Transcribe the lines below exactly. No image belongs in the transcription.

Provided material
- - -

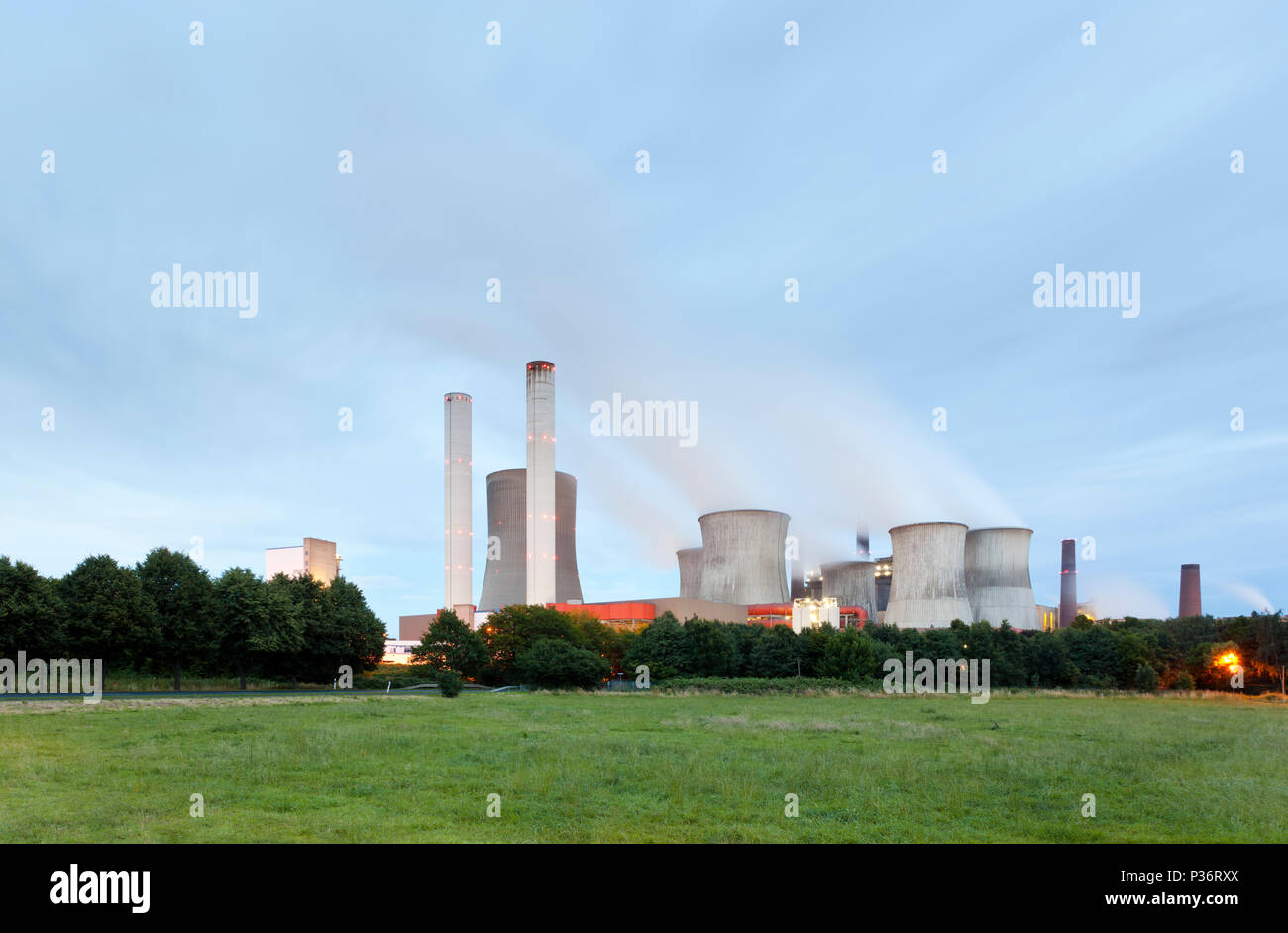 A lignite power station with night blue sky and a lot of steam. Power plant Niederaussem features the tallest cooling tower in the world. Stock Photo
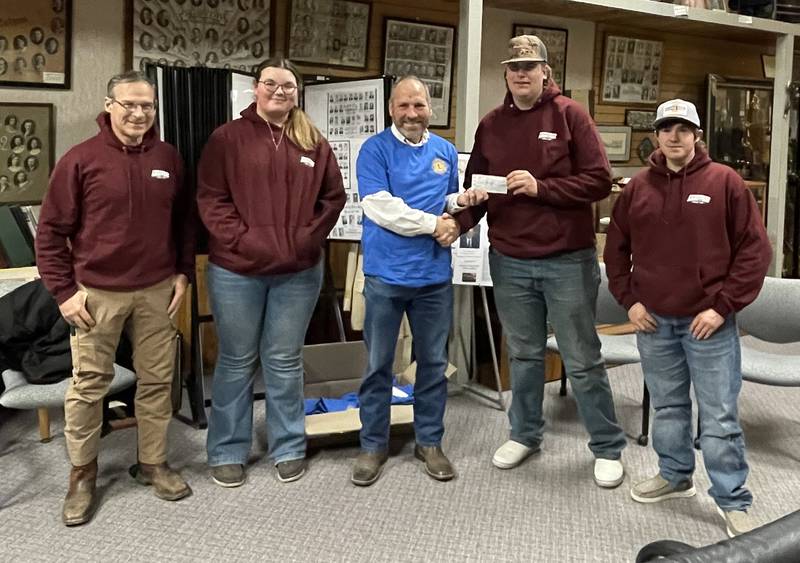 Lions Club President Greg Townley presents a $661.17 check to PCM Shooters Club representatives (from left): Coach Dusten Engel, Isabelle Lusk, president Greg Townley, Jonathon Swan and Levi Stevenson.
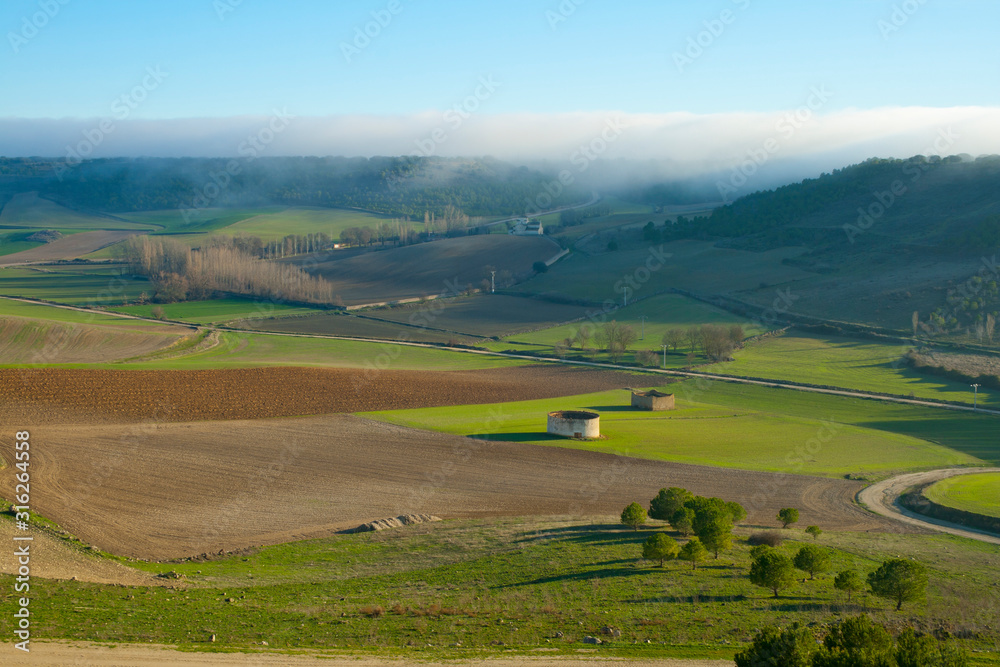 Plowed and green fields in a valley with small buildings, church in the distance and fog in the background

- - -

Your response
 A lignite power station with night blue sky and a lot of steam. Power plant Niederaussem features the tallest cooling tower in the world. Stock Photo
 Lions Club President Greg Townley presents a $661.17 check to PCM Shooters Club representatives (from left): Coach Dusten Engel, Isabelle Lusk, president Greg Townley, Jonathon Swan and Levi Stevenson.
 Plowed and green fields in a valley with small buildings, church in the distance and fog in the background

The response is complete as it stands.